What you are asked to do: Any picture in the material should be left out, while all other lines are copied exactly.

Given data:
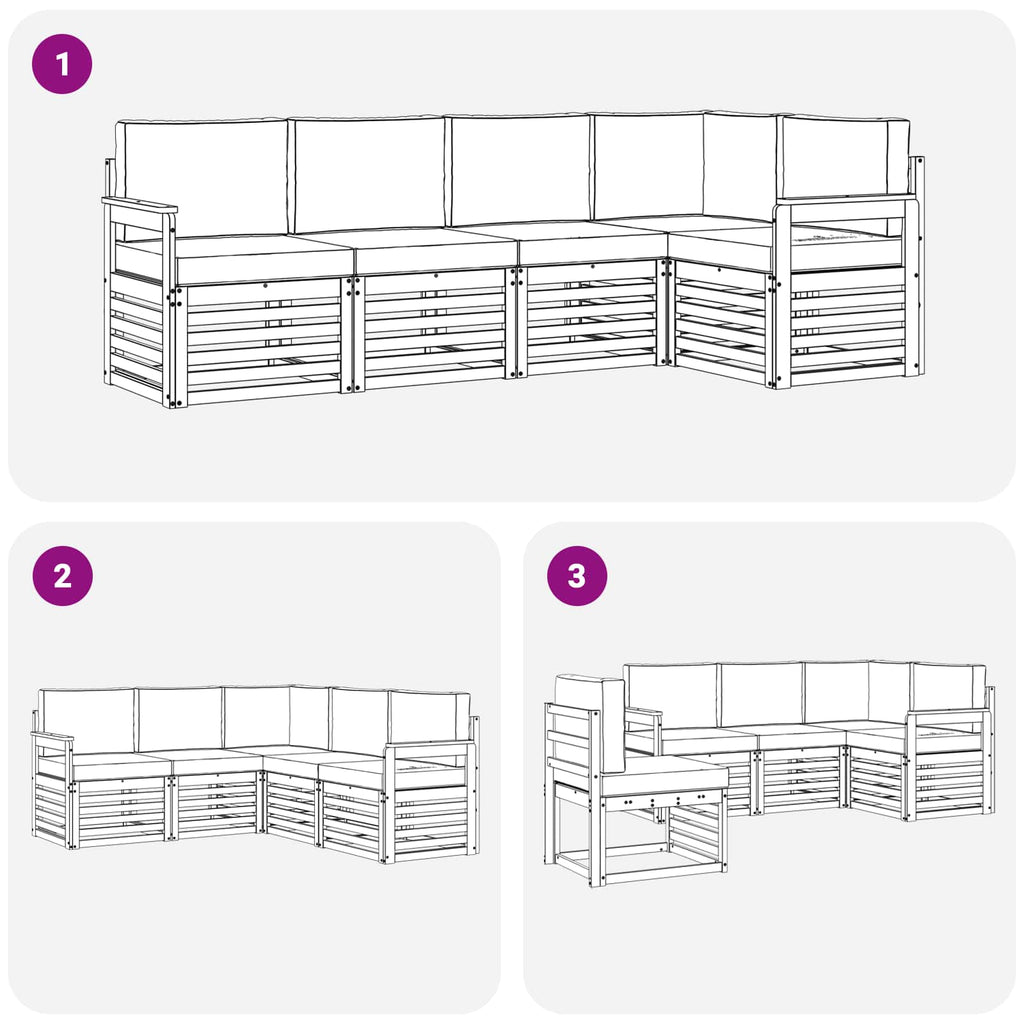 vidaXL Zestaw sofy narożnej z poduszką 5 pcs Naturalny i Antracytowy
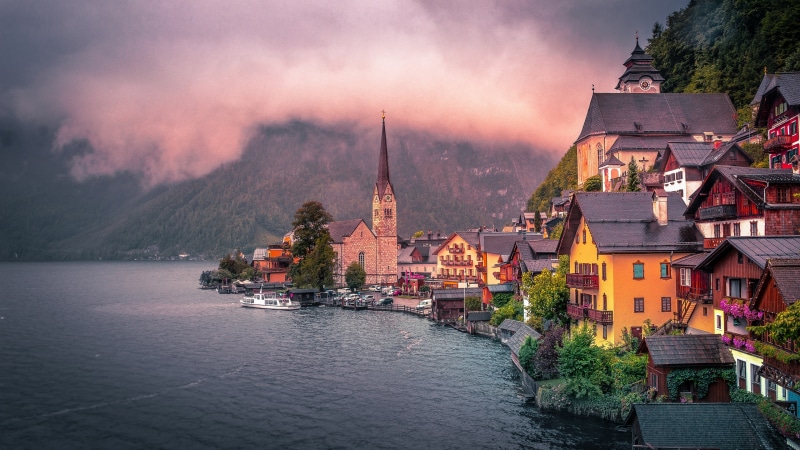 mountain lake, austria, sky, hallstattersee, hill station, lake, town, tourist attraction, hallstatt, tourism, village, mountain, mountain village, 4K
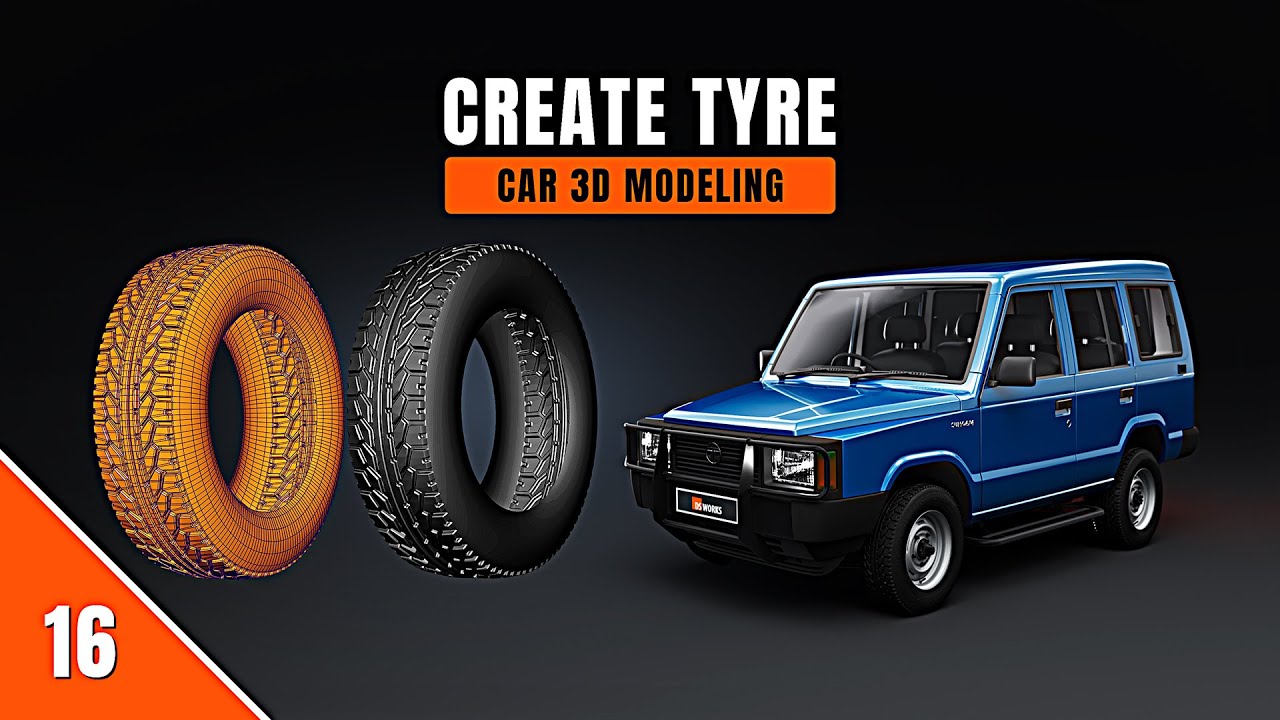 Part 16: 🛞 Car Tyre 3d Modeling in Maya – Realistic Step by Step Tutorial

Exercise output:
 vidaXL Zestaw sofy narożnej z poduszką 5 pcs Naturalny i Antracytowy
 mountain lake, austria, sky, hallstattersee, hill station, lake, town, tourist attraction, hallstatt, tourism, village, mountain, mountain village, 4K
 Part 16: 🛞 Car Tyre 3d Modeling in Maya – Realistic Step by Step Tutorial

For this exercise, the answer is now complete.